One set power the downstrokes and the other set provides the upstroke or lifts the wings. A hummingbird has many muscles to lift itself upwards. The angles through which the wings can be rotated and twisted utilizing the big muscles that give the upstroke can convert even the upstroke into a power movement by providing both propulsion and lift.
Thus, the bird can hover in perfectly still air, its quivering wings racing forwards and backwards rather than up and down, the tips of the primary feathers tracing a figure of eight. Every time the beat is reversed, the wings are pivoted through 180 degrees, thus ensuring that the front edge always leads, and on the backstroke, it is always the underside of the flight feathers which are on the top. This means that although backward and forward strokes produce lift the two cancel out each other and leave the bird still on station with no movement. The kingfisher and kestrel are adept at this, but it does not constitute true hovering.

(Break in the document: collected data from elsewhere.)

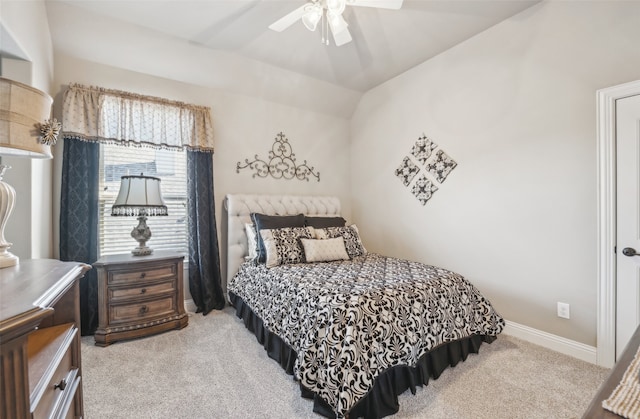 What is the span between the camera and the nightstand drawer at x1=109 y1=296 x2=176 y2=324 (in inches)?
97.2

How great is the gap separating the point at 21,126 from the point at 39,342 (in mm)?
854

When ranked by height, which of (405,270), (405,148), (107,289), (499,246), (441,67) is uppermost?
(441,67)

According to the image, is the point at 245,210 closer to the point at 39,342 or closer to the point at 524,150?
the point at 39,342

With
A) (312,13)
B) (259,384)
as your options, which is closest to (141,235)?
(259,384)

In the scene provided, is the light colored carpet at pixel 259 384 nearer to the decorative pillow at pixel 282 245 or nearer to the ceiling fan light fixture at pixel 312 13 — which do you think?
the decorative pillow at pixel 282 245

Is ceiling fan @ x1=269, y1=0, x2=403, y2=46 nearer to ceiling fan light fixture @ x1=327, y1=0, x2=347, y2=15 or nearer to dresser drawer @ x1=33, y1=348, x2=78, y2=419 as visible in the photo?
ceiling fan light fixture @ x1=327, y1=0, x2=347, y2=15

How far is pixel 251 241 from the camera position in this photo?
124 inches

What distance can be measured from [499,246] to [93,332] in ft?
13.1

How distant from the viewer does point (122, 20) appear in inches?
101

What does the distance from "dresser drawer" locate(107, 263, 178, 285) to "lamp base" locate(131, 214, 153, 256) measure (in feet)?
0.77

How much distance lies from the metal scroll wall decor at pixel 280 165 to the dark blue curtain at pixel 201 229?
0.53 meters

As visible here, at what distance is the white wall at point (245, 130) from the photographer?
2.77 metres

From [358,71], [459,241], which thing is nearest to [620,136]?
[459,241]

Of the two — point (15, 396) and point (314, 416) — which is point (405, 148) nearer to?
point (314, 416) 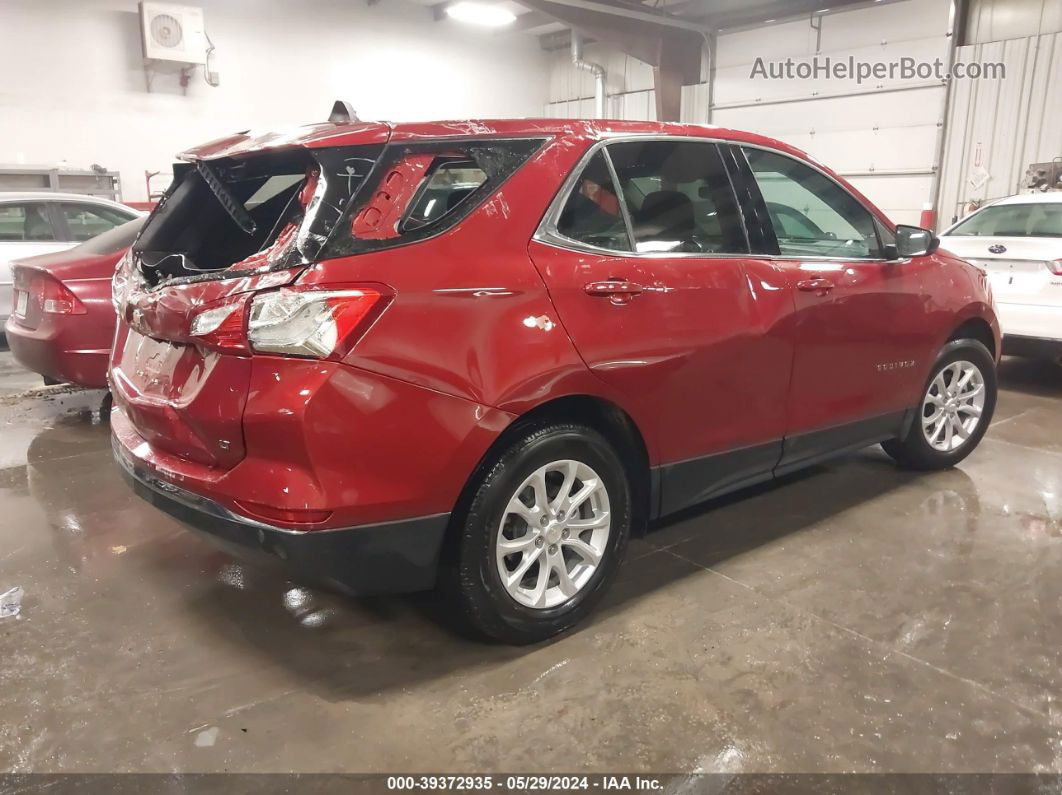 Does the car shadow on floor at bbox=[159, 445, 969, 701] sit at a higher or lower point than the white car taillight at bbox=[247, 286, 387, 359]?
lower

Hummingbirds can maintain their hovering in perfectly still air, a feat totally beyond the kestrel which, true to its vernacular name of wind hover, cannot function unless a breeze is flowing, even though this can be so slight that at the ground it may not be noticeable to a human observer.
5. Why do high tension wires produce a humming sound?
Air surrounding the conductors of a high voltage overhead transmission line is usually an insulator. But at extra high voltages (66,000 volts and above), the air close to the conductor tends to break down under the voltage stress, along the length of the conductor and itself becomes a conductor. This is known as the corona effect. Corona appears in two forms, visible corona as a bluish violet light and audible corona as a hum. Audible corona is common. Visual corona requires higher voltage stress.